3. **Collect Training and Test File Paths**  
   We recursively traverse the directory structure to gather all valid `.npy` files (excluding sky background files) for:
   - the training set
   - the test set  

4. **Save File Lists**  
   The collected file paths are saved as:
   - `train_dirs.npy`
   - `test_dirs.npy`  

   These files provide a convenient index for loading the HST data during training and evaluation.

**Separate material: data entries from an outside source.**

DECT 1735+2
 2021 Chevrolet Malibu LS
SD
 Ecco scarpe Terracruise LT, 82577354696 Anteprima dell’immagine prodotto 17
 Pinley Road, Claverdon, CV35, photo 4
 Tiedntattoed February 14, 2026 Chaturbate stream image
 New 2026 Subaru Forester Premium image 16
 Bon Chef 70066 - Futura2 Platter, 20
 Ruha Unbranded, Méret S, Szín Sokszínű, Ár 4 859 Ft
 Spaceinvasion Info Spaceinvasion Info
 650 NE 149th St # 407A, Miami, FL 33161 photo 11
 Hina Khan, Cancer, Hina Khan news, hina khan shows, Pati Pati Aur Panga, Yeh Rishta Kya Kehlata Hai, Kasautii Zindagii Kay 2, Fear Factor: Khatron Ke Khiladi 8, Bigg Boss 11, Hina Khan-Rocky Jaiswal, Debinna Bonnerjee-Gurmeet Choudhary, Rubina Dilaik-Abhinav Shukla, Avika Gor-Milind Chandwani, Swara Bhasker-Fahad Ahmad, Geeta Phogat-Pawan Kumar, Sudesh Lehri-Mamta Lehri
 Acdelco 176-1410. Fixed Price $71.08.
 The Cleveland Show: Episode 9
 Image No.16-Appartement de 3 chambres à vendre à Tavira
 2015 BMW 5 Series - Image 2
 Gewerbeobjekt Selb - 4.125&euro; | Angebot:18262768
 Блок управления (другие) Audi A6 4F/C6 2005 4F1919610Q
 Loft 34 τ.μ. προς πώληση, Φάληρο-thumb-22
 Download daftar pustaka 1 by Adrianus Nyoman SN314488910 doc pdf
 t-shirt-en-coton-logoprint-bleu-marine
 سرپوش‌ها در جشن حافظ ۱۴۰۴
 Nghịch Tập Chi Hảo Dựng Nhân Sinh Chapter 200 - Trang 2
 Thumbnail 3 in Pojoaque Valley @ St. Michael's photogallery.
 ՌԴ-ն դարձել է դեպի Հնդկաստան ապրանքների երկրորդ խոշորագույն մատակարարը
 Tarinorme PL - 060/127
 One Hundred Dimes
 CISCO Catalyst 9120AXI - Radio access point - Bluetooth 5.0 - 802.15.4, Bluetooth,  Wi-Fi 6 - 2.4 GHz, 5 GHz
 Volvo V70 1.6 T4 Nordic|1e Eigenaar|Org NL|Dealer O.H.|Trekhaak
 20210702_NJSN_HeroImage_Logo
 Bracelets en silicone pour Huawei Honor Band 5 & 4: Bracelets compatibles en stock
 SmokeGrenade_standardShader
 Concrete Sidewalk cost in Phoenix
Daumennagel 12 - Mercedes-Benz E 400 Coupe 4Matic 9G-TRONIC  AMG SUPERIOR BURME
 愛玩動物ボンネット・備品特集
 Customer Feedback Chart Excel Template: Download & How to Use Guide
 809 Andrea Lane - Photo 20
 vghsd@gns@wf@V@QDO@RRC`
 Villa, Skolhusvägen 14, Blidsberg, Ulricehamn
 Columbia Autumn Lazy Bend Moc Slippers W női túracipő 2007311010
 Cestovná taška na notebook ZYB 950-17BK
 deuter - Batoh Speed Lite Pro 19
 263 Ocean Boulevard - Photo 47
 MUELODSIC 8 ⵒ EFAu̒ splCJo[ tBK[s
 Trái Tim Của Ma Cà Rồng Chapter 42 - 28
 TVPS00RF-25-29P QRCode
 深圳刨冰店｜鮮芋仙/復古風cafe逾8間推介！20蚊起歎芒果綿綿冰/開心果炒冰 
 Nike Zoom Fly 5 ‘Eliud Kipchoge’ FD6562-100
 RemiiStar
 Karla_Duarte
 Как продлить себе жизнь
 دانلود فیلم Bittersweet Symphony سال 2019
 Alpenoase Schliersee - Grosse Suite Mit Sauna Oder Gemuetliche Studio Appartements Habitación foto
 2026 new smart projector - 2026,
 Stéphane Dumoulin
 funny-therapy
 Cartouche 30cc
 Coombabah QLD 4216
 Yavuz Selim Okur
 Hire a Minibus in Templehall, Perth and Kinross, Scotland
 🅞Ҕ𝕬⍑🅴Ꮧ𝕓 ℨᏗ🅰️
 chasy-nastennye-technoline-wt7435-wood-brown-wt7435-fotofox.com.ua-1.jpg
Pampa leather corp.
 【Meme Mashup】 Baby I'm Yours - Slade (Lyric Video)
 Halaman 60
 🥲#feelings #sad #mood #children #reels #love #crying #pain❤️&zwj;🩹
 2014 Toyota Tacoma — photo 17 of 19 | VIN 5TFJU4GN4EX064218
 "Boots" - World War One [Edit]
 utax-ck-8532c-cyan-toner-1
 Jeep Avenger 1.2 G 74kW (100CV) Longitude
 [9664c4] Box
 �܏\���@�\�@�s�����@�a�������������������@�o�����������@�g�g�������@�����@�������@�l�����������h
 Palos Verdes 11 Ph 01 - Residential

After this step, the HST ACS-WFC dataset is fully indexed and ready to be used with CRNet or deepCR-style PyTorch data pipelines.


In [1]:
import numpy as np
import os
import gc
import matplotlib.pyplot as plt
import sys
import shutil
import tarfile
import urllib
%matplotlib inline

# Base directory setup
# os.makedirs('/scratch/srinadb/CRNet/CRNet/deepCR.ACS-WFC')
base_dir = os.path.join('/scratch/srinadb/CRNet/CRNet/deepCR.ACS-WFC')
# os.makedirs(os.path.join(base_dir,'data'))
data_base = os.path.join(base_dir,'data')

def download():
    #Download training data
    print('------------------------------------------------------------')
    print('Downloading training data')
    print('------------------------------------------------------------')
    # urllib.request.urlretrieve('https://zenodo.org/record/4295902/files/deepCR.ACS-WFC.train.tar?download=1')
    
    #Donwload test data
    print('------------------------------------------------------------')
    print('Downloading test data')
    print('------------------------------------------------------------')
    # urllib.request.urlretrieve('https://zenodo.org/record/4295902/files/deepCR.ACS-WFC.test.tar?download=1')
    
    print('Datasets downloaded')
    print('Sorting...')
    # shutil.move('deepCR.ACS-WFC.train.tar',data_base)
    # shutil.move('deepCR.ACS-WFC.test.tar',data_base)
    print('Complete')
    
    print('Extracting tar files...')
    # train_tar = tarfile.open(os.path.join(data_base,'deepCR.ACS-WFC.train.tar'))
    # test_tar = tarfile.open(os.path.join(data_base,'deepCR.ACS-WFC.test.tar'))
    
    # train_tar.extractall(data_base)
    # test_tar.extractall(data_base)
    print('Complete')
    
    return None

#Directories
def get_dirs():
    train_dirs = []
    test_dirs = []

    test_base = os.path.join(data_base,'npy_test')
    train_base = os.path.join(data_base,'npy_train')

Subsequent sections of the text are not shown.